YOUR INSTRUCTIONS: Below are lines of data; restate word for word those running from the line containing "408 N Oak Ridge" to the line containing "People walking on construction site", inclusive, and no others.

RECORDS SUPPLIED:
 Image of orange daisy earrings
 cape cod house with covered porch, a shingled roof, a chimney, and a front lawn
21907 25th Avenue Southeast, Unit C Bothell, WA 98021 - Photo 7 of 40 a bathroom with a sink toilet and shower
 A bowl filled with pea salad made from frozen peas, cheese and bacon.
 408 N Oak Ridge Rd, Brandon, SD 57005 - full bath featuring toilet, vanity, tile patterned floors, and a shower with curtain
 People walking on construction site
---
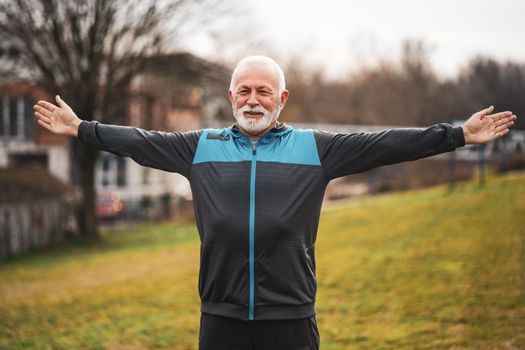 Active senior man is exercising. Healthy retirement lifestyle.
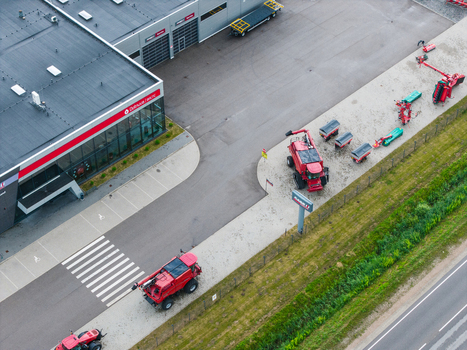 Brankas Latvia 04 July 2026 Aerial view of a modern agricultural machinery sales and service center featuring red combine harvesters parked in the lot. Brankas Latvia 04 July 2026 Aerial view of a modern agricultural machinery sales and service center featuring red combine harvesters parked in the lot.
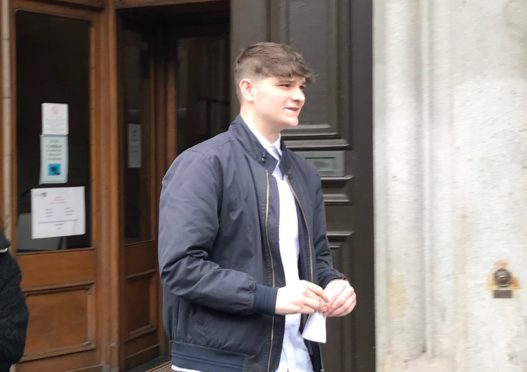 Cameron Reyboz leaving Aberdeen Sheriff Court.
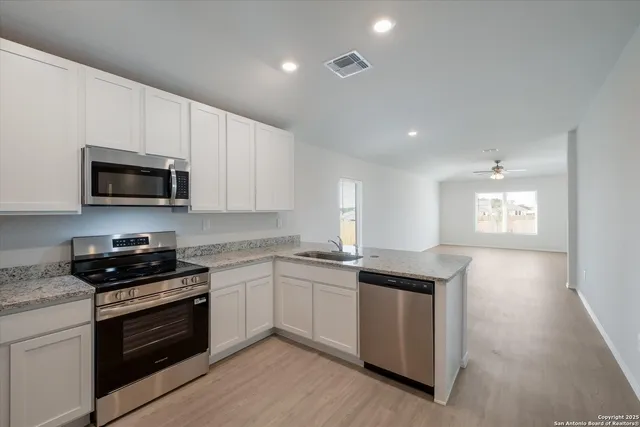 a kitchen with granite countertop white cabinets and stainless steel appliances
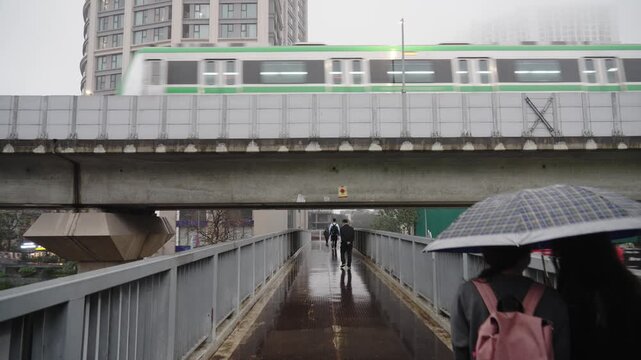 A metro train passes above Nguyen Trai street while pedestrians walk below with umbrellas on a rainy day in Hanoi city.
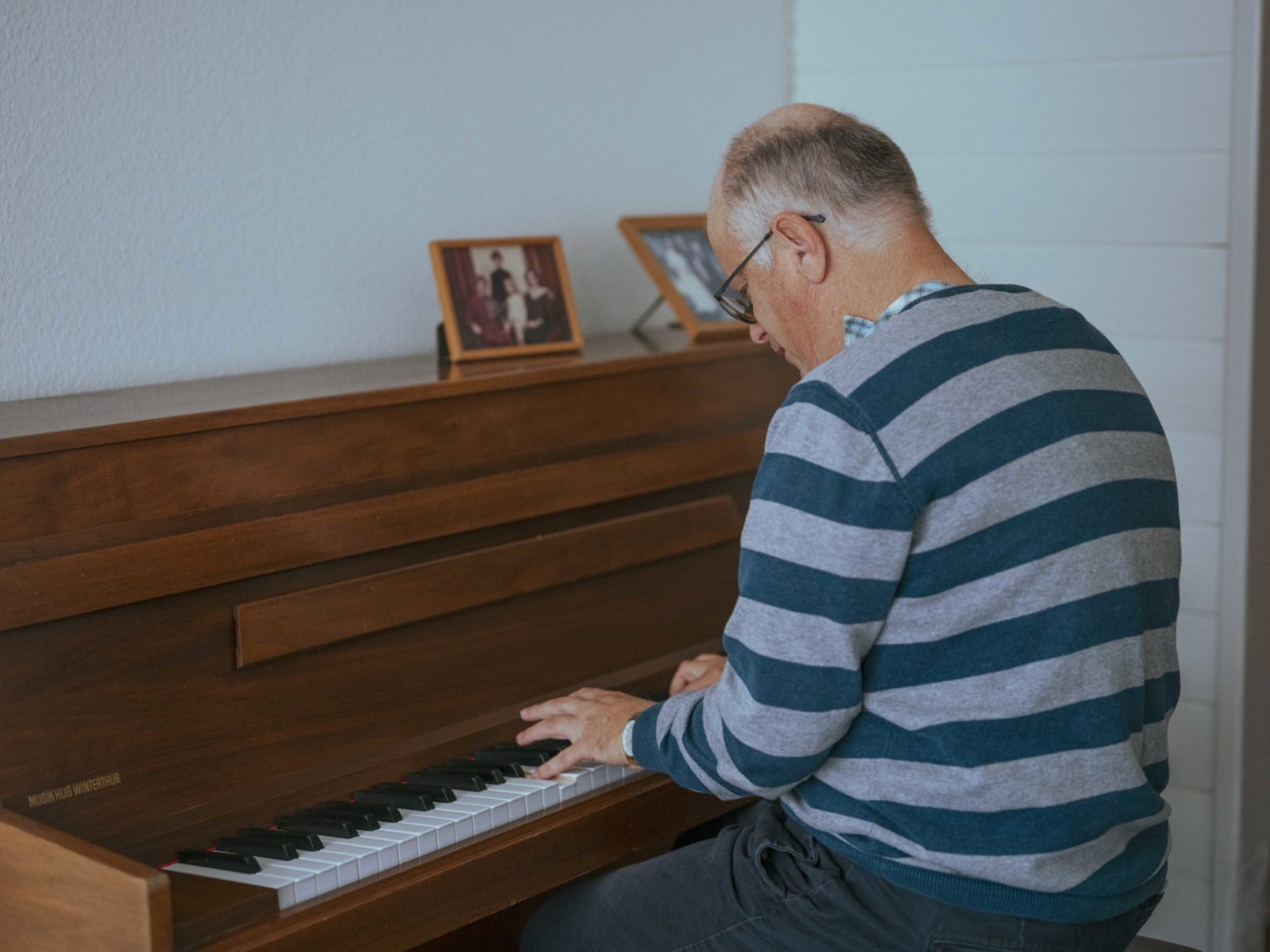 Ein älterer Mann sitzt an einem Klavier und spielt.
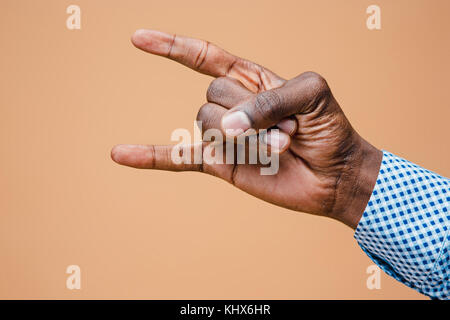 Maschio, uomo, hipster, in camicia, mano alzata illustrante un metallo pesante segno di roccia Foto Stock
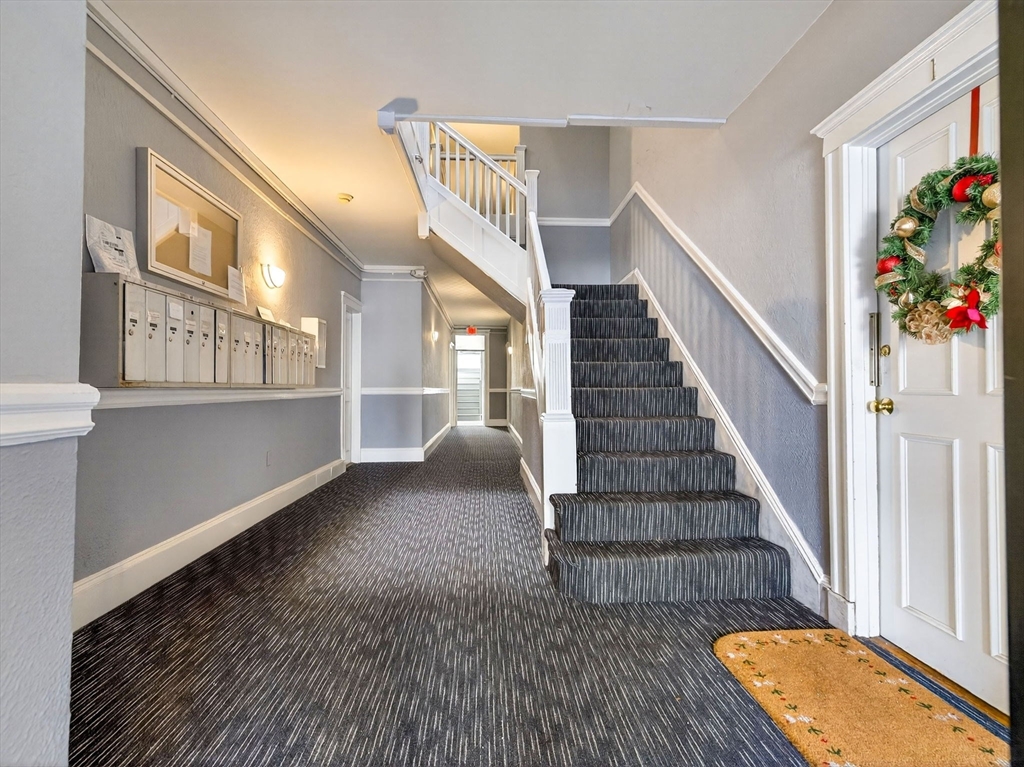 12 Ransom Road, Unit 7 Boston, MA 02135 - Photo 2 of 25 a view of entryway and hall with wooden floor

RESPONSE BOX:
 408 N Oak Ridge Rd, Brandon, SD 57005 - full bath featuring toilet, vanity, tile patterned floors, and a shower with curtain
 People walking on construction site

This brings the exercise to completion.